Selon une étude publiée début septembre par le Center for Responsive Politics (CRP), qui analyse l'utilisation de l'argent par les partis politiques, les secteurs de la finance, de l'assurance et de l'immobilier avaient alors versé au parti républicain et à ses candidats près de 34 millions de dollars depuis le début de l'année, contre 23 millions aux démocrates.

Le parti de l'opposition a donc concentré environ 60% des dons de Wall Street, contre moins de 44% l'an dernier.

Exemple de ce retournement de tendance: la puissante banque d'affaires Goldman Sachs, symbole des excès de la finance et dont l'influence sur le sérail politique est souvent dénoncée. Elle avait orienté 75% de ses contributions vers les démocrates dans les deux ans qui avaient précédé l'élection de Barack Obama. Depuis début 2009, 55% sont partis à l'opposition.

«Les contributions de Wall Street ont subi un retournement spectaculaire au profit des républicains depuis le début de l'année, et ce n'est pas un hasard si la réforme de la régulation financière s'accélérait au même moment», explique Dave Levinthal, du CRP.

En présentant en janvier les mesures phares de cette refonte des règles encadrant Wall Street, Barack Obama s'était dit prêt à se «battre» contre les banques. La réforme a été finalement adoptée pendant l'été.

Les rois de la finance n'apprécient pas non plus la volonté du président Obama de mettre fin aux allégements fiscaux pour les plus riches, adoptés sous la présidence de George W. Bush.

Dans un récent débat avec des Américains, organisé par la télévision, le locataire de la Maison Blanche a été interpellé par un patron de fonds d'investissement, Anthony Scaramucci: «Quand allez-vous cesser de vous servir de Wall Street comme d'un punching ball?»

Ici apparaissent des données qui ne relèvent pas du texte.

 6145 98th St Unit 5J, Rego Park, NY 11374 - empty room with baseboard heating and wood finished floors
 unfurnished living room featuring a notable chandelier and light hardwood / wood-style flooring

Le président lui a opposé une réponse cinglante, opposant les bonus faramineux des courtiers à la situation difficile que vivent de nombreux Américains.

Très prosaïquement, les financiers cherchent à «dépenser leur argent pour soutenir les vainqueurs des élections», observe Robert Shapiro, professeur de sciences politiques à l'université de Columbia. «Il y un vieux dicton politique à Chicago: "ne pas faire de vagues, ne pas soutenir les perdants", je pense que c'est vraiment le cas».

Les deux candidats qui ont concentré le plus de dons sont d'ailleurs deux démocrates, les deux sénateurs de l'État de New York, capitale de la finance: Charles Schumer, élu depuis 12 ans, qui a reçu près de cinq millions de dollars depuis début 2009, et Kirsten Gillibrand, qui a remplacé Hillary Clinton en 2009.

«Il faut donner à ceux qui seront au pouvoir, de sorte qu'ils répondent au téléphone» quand on les sollicitera, confirme Sean West, analyste politique à la firme de conseils Eurasia Group.

«Wall Street a certainement l'impression que les démocrates se sont attaqués au secteur financier», ajoute-t-il. «Mais en réalité, Obama avait l'occasion de nationaliser les grandes institutions et a choisi de ne pas le faire. Le Trésor a mis en place un ensemble modéré de réformes financières, et beaucoup de groupes d'intérêt représentant la finance ont obtenu le meilleur accord possible dans le processus législatif vu les circonstances».